WHAT YOU NEED TO DO.
In the records below, the lines between the one holding "Orange Eco-Friendly Paper Cups" and the one holding "Carte postale ancienne", inclusive, are to be transcribed exactly; no pictures are to be included.

INPUT.
########
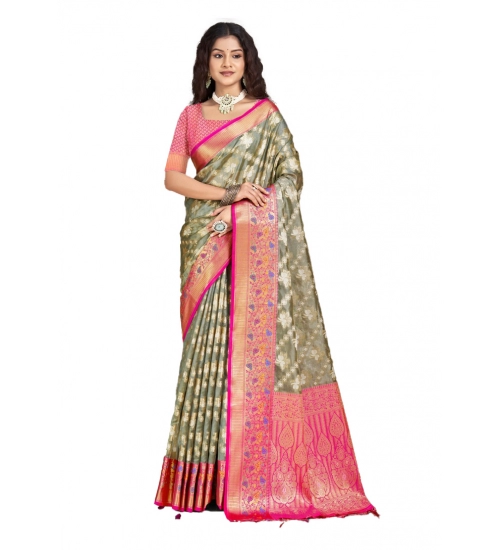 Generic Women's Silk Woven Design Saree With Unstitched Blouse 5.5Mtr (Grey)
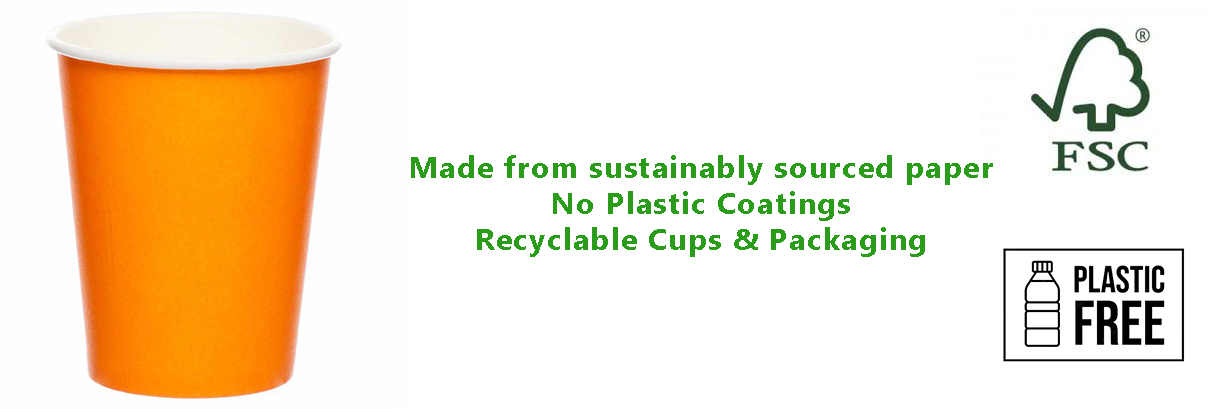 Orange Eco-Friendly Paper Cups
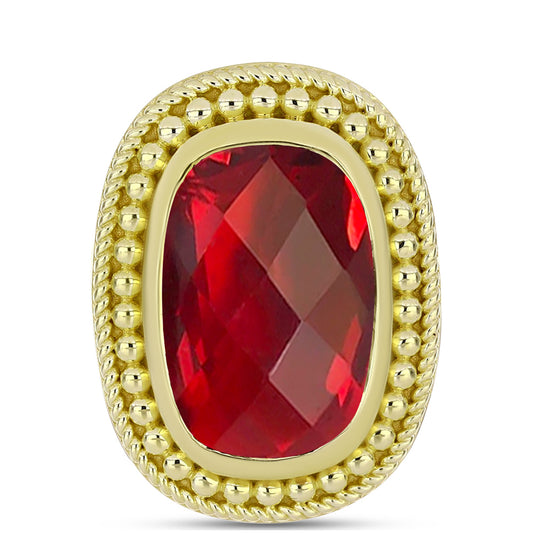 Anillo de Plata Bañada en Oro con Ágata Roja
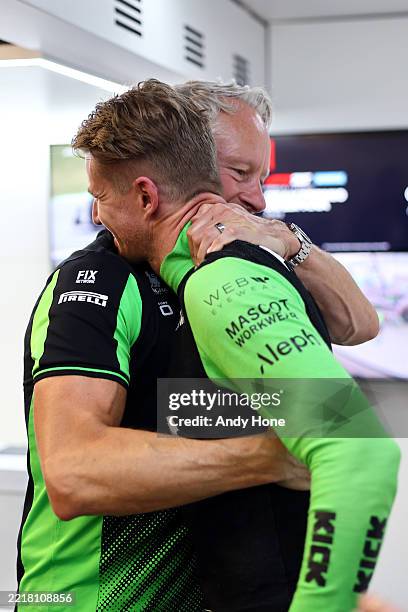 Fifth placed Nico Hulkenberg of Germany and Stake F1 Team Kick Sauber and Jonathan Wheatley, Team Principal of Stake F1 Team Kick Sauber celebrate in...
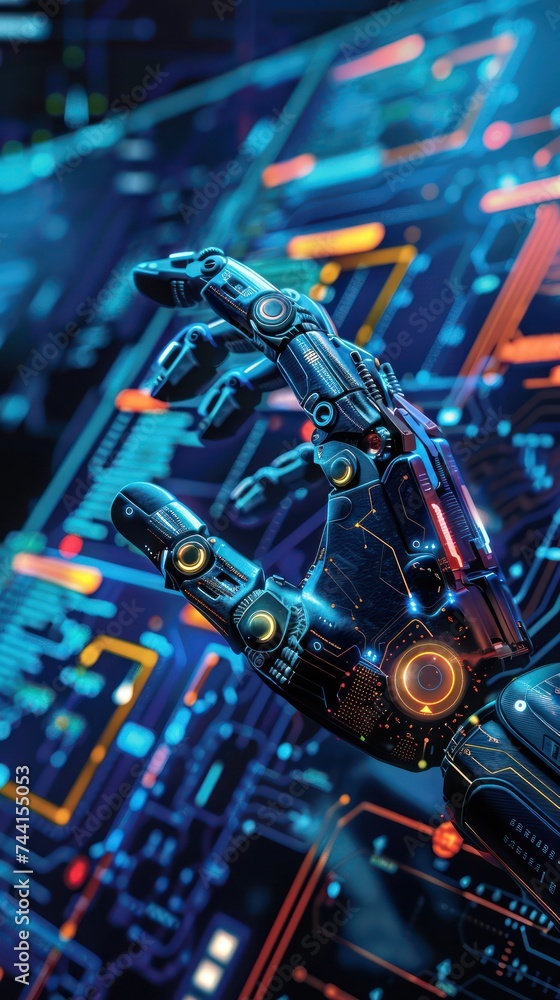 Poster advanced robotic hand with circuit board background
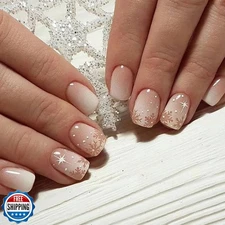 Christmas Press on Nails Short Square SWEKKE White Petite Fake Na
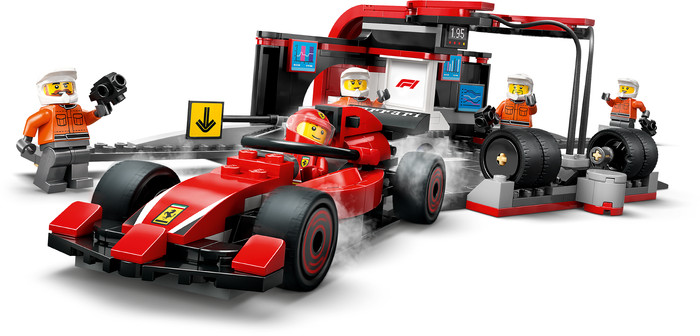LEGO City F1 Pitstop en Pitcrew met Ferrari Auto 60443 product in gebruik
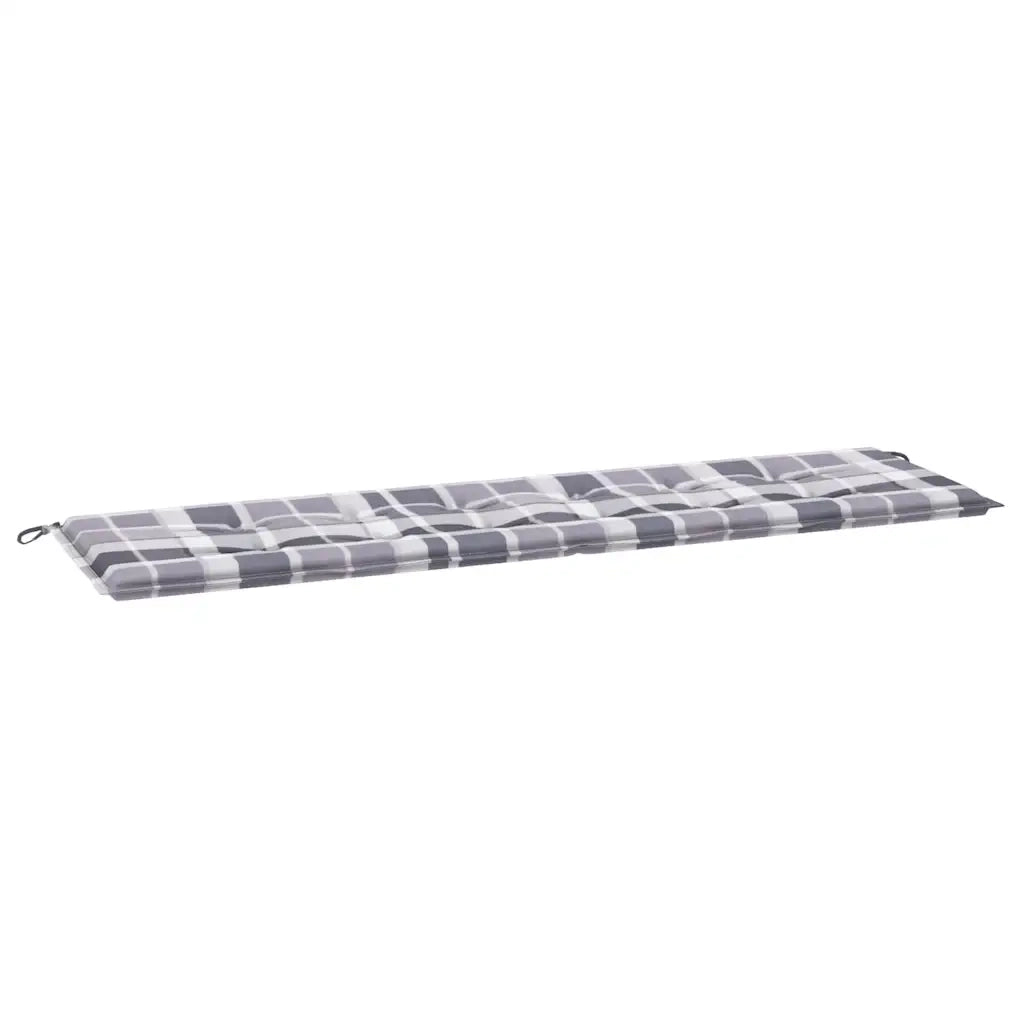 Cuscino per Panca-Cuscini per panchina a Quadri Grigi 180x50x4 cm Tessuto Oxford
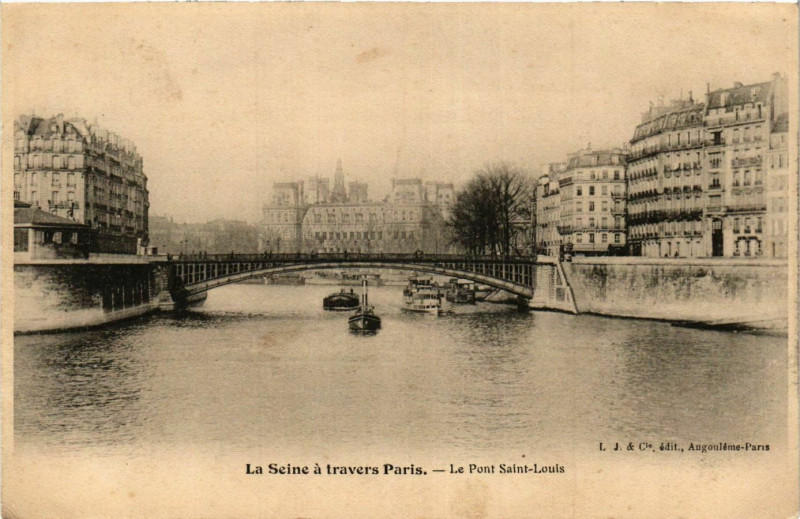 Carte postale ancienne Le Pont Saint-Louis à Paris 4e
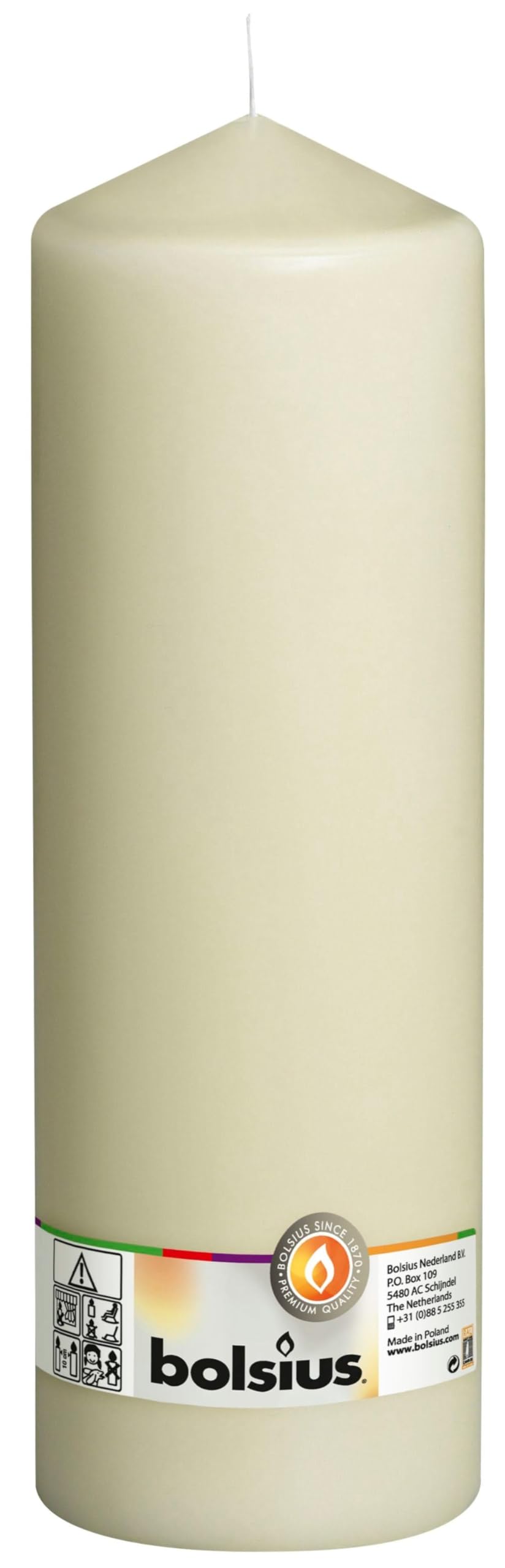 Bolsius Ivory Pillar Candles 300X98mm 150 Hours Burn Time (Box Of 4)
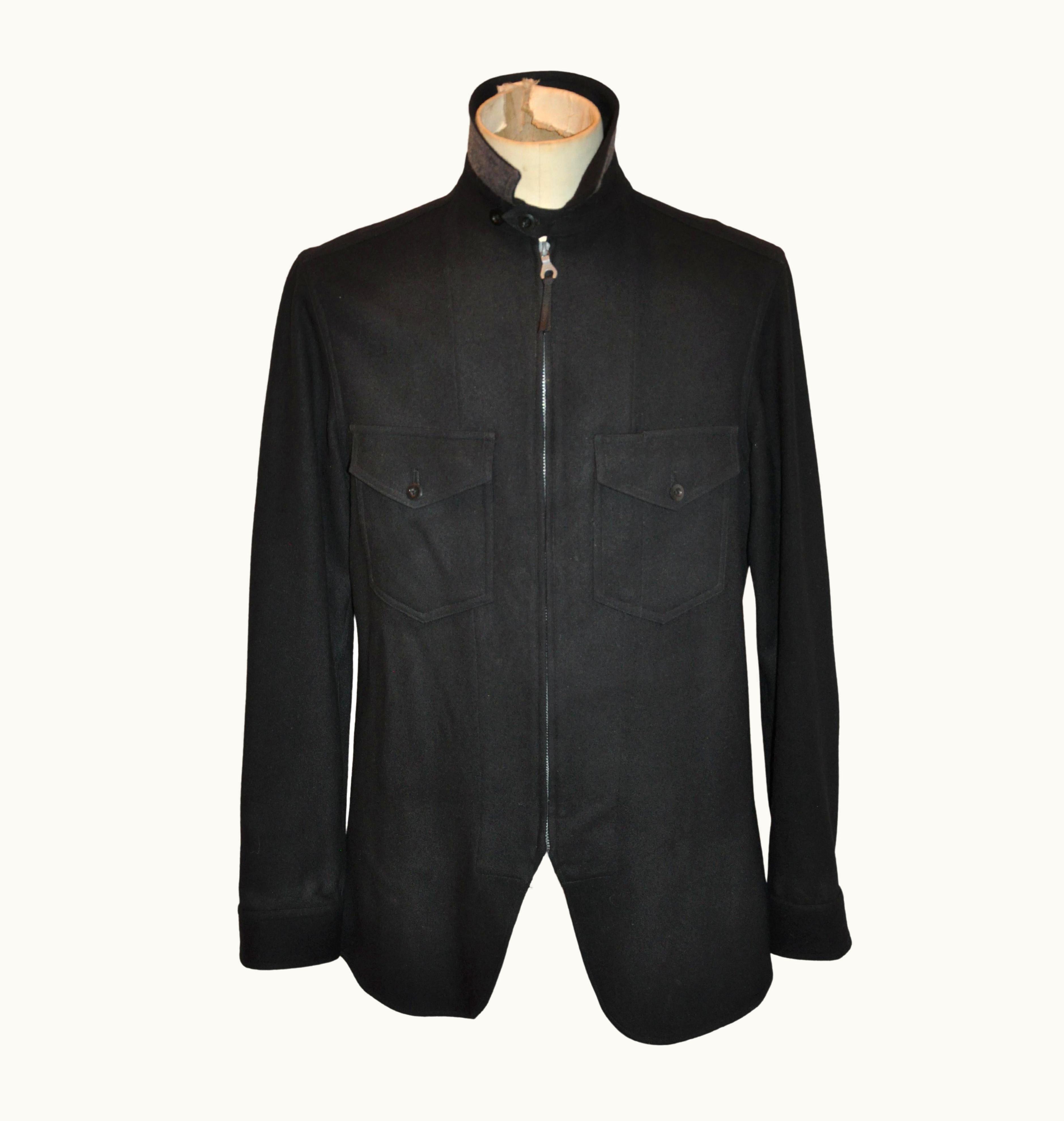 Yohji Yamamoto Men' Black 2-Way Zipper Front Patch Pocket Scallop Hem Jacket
########
ANSWER FOR THE TASK.
 Orange Eco-Friendly Paper Cups
 Anillo de Plata Bañada en Oro con Ágata Roja
 Fifth placed Nico Hulkenberg of Germany and Stake F1 Team Kick Sauber and Jonathan Wheatley, Team Principal of Stake F1 Team Kick Sauber celebrate in...
 Poster advanced robotic hand with circuit board background
 Christmas Press on Nails Short Square SWEKKE White Petite Fake Na
LEGO City F1 Pitstop en Pitcrew met Ferrari Auto 60443 product in gebruik
 Cuscino per Panca-Cuscini per panchina a Quadri Grigi 180x50x4 cm Tessuto Oxford
 Carte postale ancienne Le Pont Saint-Louis à Paris 4e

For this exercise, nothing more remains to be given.